While in Santa Rosalia, it was so hot that we were sleeping in the cockpit. When a Chubasco would hit in the night, we found there was a precursor of sudden gusts of wind that would wake us up just in advance of its arrival. Within 2-3 minutes, the Chubasco would be upon us, unleashing all of its fury. They really are like miniature tropical storms as they swirl about in a counter-clockwise direction, testing your dock lines and cleats. Lots of fenders are recommended if you are at a dock and be mindful of your rigging next to your neighbour’s!
Here is a quick checklist for prepping yourself for a possible Chubasco:
- Add some extra fenders if you are at a dock. Fenders on both sides is probably a good idea. You never know.
- Check all dock lines to ensure they are secure. Add extras as well as some snubbers if you have them. Check cleats on both the dock and your boat as well.
- Ensure your mast and standing rigging is not aligned right beside your neighbor’s. It is a good idea to stagger them, in the event that your boat rocks a lot due to stirred up seas.
- Remove as much windage as possible- sun shades, boom tents, wind scoops, etc.
- Lash any loose items down- jerry cans, dinghy, generators, etc.
Secure your dinghy! Bring it up on its davits, lash it to the bow or deflate it and stow it. If these aren’t an option and you must leave it in the water- remove the outboard and fill the dinghy with some sea water to weigh it down. Ensure you have an extra ‘safety’ line attached to your dink so that it doesn’t float away on you.
Take all loose towels, blankets, cushions, hatch covers and other light items inside and stow them so that they do not blow away.

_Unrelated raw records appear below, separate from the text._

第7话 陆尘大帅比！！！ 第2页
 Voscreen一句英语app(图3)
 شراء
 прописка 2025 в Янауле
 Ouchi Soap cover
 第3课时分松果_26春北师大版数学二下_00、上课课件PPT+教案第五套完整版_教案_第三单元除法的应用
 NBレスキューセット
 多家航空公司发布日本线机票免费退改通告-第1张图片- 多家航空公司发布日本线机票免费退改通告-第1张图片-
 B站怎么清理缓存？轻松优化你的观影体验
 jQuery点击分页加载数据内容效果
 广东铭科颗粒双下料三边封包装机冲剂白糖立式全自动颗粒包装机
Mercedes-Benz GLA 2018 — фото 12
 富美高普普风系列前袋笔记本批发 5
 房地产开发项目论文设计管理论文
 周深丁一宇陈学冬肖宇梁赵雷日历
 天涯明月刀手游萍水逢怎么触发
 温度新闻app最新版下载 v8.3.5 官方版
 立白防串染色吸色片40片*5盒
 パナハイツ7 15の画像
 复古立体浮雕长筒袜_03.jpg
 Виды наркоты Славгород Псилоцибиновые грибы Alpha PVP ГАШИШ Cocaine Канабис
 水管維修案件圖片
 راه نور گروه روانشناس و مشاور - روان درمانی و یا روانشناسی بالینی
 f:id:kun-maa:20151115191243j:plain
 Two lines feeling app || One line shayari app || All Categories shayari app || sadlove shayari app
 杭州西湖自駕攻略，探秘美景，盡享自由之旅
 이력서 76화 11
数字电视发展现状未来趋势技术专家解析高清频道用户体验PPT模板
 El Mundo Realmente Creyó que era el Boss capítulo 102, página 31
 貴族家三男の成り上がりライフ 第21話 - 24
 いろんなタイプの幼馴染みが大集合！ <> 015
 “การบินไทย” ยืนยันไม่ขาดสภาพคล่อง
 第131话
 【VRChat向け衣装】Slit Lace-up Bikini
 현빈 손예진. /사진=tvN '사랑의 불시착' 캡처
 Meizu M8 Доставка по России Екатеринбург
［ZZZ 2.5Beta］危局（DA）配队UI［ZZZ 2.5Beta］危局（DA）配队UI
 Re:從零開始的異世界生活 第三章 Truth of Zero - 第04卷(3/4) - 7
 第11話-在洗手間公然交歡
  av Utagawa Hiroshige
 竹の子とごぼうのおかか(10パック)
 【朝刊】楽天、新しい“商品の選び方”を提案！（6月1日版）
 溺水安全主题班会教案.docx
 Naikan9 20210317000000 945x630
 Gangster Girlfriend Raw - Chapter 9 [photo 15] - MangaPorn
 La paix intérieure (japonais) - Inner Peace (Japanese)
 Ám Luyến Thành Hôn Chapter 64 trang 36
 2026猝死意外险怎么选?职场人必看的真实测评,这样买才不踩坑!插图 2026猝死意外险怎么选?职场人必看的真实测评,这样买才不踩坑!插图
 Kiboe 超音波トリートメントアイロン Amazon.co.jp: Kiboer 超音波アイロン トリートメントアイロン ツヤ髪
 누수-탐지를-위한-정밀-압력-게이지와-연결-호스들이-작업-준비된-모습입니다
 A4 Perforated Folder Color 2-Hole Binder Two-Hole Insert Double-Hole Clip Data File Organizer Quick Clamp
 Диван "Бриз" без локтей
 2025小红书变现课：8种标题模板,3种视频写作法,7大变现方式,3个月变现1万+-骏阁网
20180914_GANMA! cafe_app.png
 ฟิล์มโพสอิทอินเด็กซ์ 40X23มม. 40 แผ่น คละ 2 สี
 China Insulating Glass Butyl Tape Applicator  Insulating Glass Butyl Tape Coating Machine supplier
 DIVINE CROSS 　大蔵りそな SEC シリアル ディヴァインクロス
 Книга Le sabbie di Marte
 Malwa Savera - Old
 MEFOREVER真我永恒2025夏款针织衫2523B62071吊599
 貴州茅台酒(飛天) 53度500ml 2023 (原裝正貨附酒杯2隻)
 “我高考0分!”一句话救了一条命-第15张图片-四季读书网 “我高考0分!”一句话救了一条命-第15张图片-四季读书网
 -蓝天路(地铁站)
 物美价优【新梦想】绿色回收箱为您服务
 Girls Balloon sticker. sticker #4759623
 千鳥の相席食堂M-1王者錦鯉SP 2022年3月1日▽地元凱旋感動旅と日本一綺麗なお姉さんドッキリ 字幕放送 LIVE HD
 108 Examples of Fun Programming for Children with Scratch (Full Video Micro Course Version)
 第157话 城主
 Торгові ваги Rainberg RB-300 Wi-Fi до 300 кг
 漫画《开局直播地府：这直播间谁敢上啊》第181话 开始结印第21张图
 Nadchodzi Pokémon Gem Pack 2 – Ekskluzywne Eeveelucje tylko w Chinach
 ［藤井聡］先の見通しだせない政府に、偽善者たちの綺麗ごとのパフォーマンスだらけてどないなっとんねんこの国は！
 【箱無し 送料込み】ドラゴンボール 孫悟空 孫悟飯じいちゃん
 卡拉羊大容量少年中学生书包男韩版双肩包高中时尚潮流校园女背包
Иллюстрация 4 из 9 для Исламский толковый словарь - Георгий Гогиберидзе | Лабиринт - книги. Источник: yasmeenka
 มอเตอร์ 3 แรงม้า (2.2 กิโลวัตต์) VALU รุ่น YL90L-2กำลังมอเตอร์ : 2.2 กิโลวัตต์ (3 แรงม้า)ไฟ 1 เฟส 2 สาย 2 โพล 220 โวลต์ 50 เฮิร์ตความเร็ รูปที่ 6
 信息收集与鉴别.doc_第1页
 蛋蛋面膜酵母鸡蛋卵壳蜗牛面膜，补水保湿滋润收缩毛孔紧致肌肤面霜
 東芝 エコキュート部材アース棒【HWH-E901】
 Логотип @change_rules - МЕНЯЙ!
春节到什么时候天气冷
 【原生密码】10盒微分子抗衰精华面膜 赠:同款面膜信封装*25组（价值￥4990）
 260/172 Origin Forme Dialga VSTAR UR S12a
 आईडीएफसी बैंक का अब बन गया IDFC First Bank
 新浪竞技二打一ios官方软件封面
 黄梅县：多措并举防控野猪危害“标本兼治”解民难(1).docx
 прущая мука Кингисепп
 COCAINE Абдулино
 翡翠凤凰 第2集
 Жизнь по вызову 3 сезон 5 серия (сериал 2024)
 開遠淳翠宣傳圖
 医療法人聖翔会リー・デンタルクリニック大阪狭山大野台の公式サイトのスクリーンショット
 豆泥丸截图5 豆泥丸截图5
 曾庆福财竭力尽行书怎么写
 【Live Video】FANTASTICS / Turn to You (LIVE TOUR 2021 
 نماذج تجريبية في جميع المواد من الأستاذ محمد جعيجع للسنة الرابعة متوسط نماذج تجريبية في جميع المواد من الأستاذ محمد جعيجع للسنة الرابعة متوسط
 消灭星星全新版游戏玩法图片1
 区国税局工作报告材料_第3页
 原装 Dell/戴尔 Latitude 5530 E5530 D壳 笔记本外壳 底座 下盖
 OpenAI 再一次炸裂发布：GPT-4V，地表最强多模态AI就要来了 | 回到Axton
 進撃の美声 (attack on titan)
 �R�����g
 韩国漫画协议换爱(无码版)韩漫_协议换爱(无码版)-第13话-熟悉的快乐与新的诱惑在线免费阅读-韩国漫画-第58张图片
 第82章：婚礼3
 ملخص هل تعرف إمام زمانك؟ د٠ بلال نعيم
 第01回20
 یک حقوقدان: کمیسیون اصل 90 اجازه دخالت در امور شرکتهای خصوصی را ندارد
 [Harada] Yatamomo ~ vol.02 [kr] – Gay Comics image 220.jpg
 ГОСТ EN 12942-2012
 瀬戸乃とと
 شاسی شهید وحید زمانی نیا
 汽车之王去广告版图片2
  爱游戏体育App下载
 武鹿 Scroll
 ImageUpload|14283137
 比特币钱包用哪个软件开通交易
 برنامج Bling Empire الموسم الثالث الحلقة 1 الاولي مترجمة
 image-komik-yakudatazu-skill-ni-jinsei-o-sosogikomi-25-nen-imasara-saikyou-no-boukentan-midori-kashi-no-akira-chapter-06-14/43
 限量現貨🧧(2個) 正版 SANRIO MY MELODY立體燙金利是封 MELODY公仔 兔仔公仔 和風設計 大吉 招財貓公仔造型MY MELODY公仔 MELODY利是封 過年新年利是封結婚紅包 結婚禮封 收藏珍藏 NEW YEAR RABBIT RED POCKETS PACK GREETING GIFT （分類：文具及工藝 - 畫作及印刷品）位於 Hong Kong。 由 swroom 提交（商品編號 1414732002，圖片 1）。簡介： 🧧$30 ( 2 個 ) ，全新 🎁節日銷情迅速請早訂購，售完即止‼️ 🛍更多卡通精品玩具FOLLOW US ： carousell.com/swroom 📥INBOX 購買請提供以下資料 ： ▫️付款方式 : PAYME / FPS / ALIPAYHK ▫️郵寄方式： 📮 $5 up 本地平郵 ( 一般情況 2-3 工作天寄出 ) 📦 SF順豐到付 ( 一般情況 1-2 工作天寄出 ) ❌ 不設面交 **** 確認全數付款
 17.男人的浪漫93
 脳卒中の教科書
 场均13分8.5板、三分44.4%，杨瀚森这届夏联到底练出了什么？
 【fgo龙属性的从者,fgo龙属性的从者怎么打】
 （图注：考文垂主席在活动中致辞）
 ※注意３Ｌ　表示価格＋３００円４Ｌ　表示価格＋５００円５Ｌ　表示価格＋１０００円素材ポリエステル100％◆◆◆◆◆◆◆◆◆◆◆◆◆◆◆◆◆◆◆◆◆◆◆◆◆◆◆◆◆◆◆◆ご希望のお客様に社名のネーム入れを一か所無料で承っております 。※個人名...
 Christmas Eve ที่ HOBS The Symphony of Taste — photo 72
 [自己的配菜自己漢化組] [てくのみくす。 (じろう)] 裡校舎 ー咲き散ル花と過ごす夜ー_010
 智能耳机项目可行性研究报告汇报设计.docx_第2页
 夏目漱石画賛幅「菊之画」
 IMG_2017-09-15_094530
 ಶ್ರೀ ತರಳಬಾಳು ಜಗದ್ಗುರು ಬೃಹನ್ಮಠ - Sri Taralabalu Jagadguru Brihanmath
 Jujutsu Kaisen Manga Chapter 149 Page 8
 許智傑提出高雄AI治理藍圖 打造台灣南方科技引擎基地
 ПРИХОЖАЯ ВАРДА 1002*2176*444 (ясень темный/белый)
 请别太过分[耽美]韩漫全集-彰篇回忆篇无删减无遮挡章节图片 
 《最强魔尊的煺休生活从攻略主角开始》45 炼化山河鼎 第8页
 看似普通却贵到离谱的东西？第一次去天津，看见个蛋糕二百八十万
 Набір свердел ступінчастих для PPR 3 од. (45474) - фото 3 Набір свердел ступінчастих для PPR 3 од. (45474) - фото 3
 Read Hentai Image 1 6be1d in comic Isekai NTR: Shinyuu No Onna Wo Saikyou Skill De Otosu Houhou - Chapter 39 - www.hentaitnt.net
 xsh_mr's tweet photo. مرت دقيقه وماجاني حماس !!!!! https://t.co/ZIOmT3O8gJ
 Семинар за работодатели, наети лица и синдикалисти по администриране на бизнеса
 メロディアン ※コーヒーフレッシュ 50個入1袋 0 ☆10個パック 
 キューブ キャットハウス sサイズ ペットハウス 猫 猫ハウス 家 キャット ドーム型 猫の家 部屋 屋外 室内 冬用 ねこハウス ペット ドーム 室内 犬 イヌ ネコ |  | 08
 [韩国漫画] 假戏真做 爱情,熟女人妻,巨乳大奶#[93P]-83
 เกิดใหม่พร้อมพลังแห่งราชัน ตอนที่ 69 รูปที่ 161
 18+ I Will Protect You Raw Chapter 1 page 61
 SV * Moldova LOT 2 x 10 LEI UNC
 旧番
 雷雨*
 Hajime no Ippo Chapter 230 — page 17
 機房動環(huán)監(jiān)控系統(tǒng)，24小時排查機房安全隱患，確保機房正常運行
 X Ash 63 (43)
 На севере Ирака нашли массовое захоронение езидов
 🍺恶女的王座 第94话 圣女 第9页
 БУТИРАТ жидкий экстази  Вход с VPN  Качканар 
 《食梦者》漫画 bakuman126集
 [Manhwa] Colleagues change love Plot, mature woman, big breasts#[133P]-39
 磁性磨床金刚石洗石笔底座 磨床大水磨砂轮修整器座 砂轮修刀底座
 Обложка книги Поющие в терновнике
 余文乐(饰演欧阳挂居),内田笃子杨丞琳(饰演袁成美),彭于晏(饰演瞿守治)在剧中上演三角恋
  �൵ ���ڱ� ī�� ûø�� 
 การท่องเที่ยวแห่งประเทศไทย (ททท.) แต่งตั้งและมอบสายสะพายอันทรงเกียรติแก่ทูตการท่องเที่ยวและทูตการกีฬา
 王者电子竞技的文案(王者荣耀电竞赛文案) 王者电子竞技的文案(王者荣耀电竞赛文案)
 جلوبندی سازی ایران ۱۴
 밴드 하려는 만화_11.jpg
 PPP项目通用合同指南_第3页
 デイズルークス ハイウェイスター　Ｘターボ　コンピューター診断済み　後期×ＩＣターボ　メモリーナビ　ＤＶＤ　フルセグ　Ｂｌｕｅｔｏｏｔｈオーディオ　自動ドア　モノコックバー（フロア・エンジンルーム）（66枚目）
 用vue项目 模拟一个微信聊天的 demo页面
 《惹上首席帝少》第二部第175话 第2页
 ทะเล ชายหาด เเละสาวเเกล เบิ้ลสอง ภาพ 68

If you are anchored- be sure you have a secondary anchor ready to deploy, should you need it. It might also be a good idea to have an anchor watch app with an alarm set, in case you do drag anchor. We had friends in the summer of 2017 who turned off all of their electronics and stowed some in their oven in case of lightning and dragged anchor two miles in the Bay of Concepcion without even realizing until the storm was over.
If you have any loose items on the dock like bicycles, etc., ensure that they are stowed safely or secured to your boat. We once saw our neighbour’s bike flop right into the water during a Chubasco because the dock was rocking so much and the bike was not tethered to anything.
Close all hatches and port lights that could create problems for you with torrential amounts of water pouring in them… or perhaps this could be a good opportunity to catch a little rain water?
One final note- if you have an SSB radio, you can tune into the Sonrisa net, which discusses the possibility of Chubascos each evening. Essentially, the net host is interpreting the data on EEBmike.com though, so you could listen to hear what he/she has to say and then look at EEBmike.com yourself to see what you think. Soon, you’ll get pretty good at predicting their arrival.